Did You Know? Benesch typically enjoys scenes that rely more on physicality than acting, but that wasn’t always true for this production. Turns out that “doing any sort of running action scene with David [Tennant] was not much fun,” she tells MASTERPIECE. “He’s very fast and much taller than I am so he had to keep slowing down for me. I was always quite panicky before any sort of running scene with David; I’m sure they will look funny on screen.”
Character: Bernard Fortescue, editor of London’s Daily Telegraph, loving father to Abigail, and dearest friend to Fogg.
On the Role: For Watkins, there was a lot to love about this new adaptation for TV. “One of the joys of our version of this story is that there are many things included that are not in the book. One of them is this great relationship between Bernard Fortescue and his daughter,” he tells MASTERPIECE. While the narrative involves “a journey around the world, it’s also a journey between characters. My character and Abigail have this amazing journey that they go on. He’s trying to let her follow her passion against all his better judgement. …[We] delve into quite deep, complex relationships whilst in this wonderful framework of an adventuring thriller.”
Where You’ve Seen Him Before: Watkins’ “everyman” appeal has led to a variety of roles, including a few on MASTERPIECE: He portrayed the out-of-work plasterer Mr. Plornish in 2008’s Emmy Award-winning Little Dorrit alongside Claire Foy, and as the ironically-named Joe Bland in a 2009 episode of Hercule Poirot. Watkins has appeared in numerous period dramas the likes of Midsomer Murders, 2018’s A Very English Scandal, and Call the Midwife. He and Leonie Benesch both were cast in The Crown (2016), he as Prime Minister Harold Wilson.
Did You Know? The actor describes himself as absolutely mad for sports. “I used to be able to run on my hands,” he told The Guardian. “I got quite close to the world record when I was 14. Running the length of a basketball court. Got within a couple of seconds.” These days, Watkins is into sprint bicycling and even one-armed handstands on Twitter!
Character: Nyle Bellamy, a childhood contemporary of Fogg’s and Fortescue’s at school who has always been a low-level bully.

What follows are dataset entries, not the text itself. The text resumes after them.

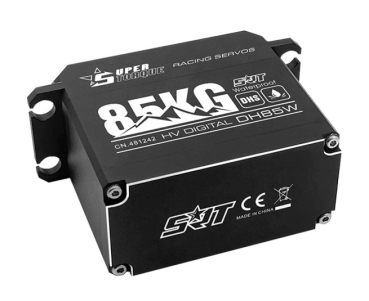 DH85W SRT DH85W Big Scale 85.0kg/0.15sec @8,4V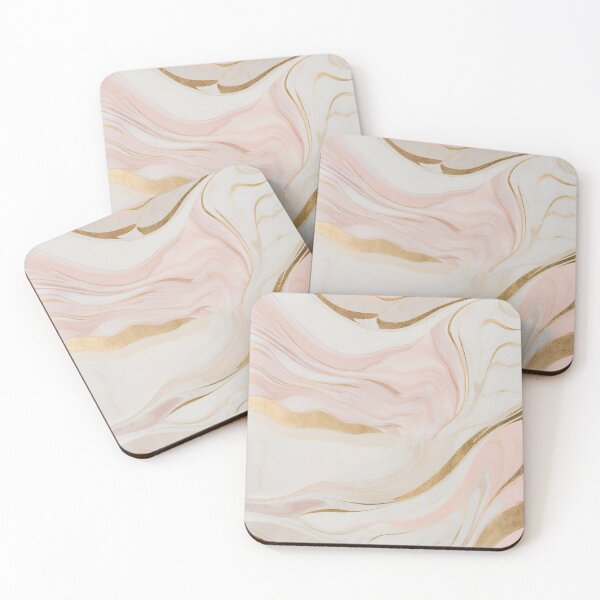 Item preview, Marble Pink Sea designed and sold by JZDezignsz.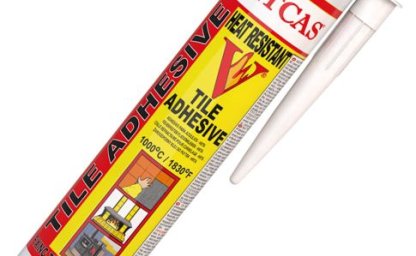 Wie wählt man den besten Klebstoff für einen Keramikkamin aus?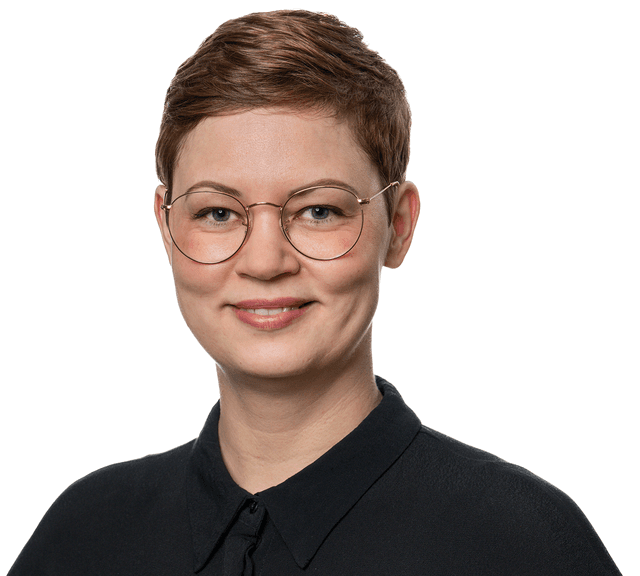 medarbetare Sofia Henricsson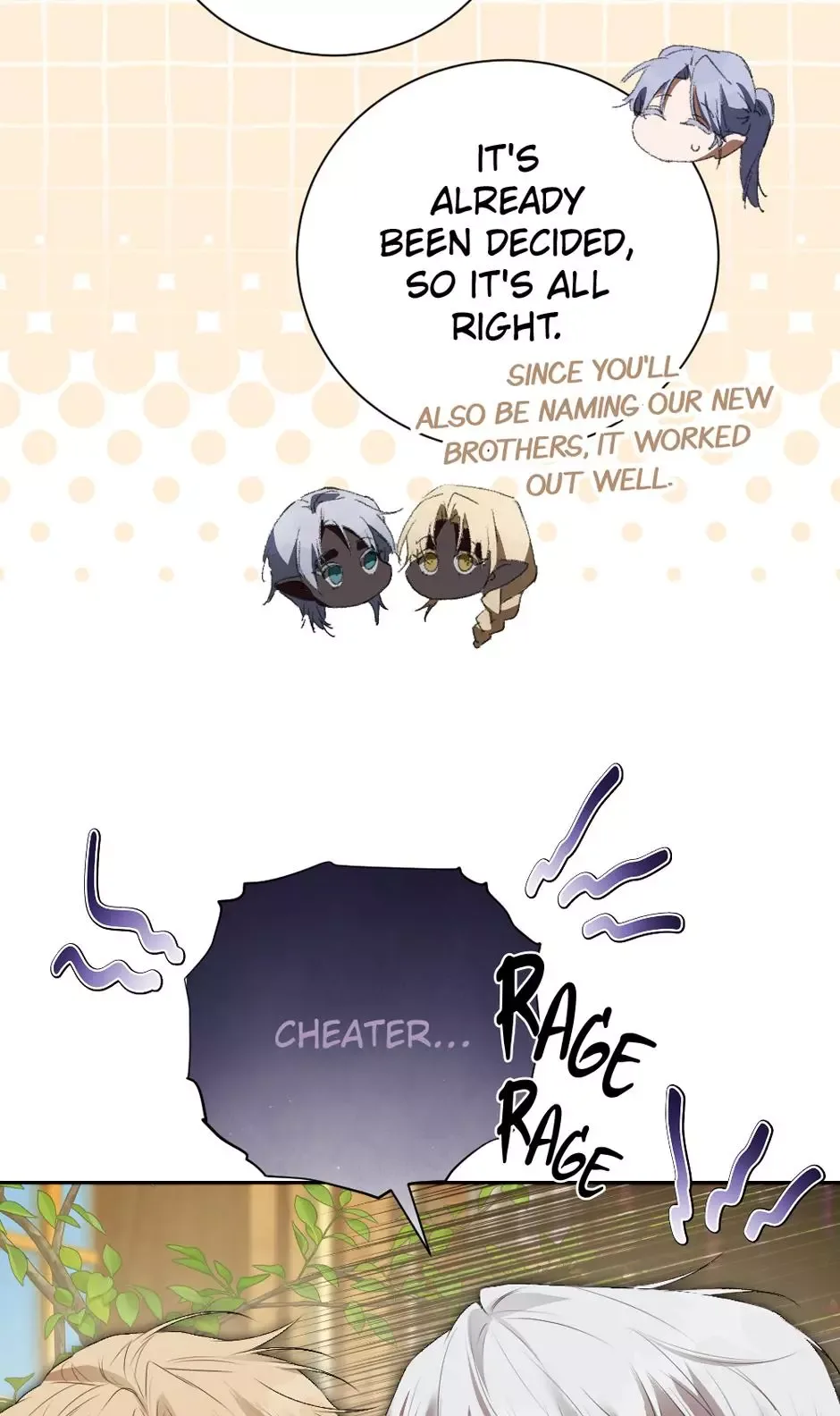 At The End Of The Hidden Greenery Chapter 57 page 100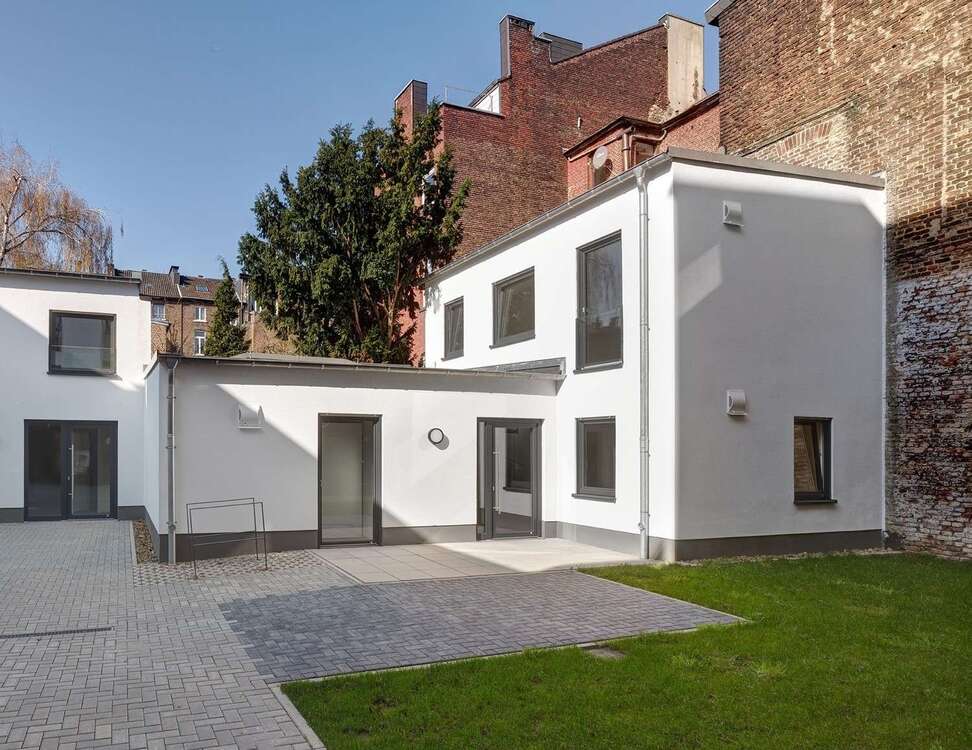 Thumbnail-Wohnung zum Mieten in Aachen 1.100,00 € 84 m²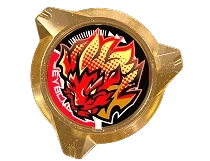 Beyblade X Leon Fang T4-60A CX-00 with Evobattle Nintendo Switch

On the Role: Working on this reimagining of Jules Verne’s original enticed Sullivan on a few levels. Nyle Bellamy is “an amalgamation of other characters from various different interpretations of the story,” he tells MASTERPIECE. “In this version he is a complete character with his own backstory and that hasn’t been done before. The other thing I particularly enjoy about this version is that there are inevitably going to be issues around colonialism, racism, and the position of women in society that the original novel is sadly riddled with—and not in a good way. What I loved about [our] version is that all those questions are addressed; not in a heavy-handed way, but beautifully done. So, a combination of the character and those elements lured me in.”
Where You’ve Seen Him Before: MASTERPIECE viewers may recognize him from 2021’s Baptiste as Michael Agoston, spouse of a right-wing extremist; Season 5 of Poldark, where he played slave trader Ralph Hanson; and, perhaps from his turn as oily British lawyer, Hugh Slater, in 2015’s Indian Summers.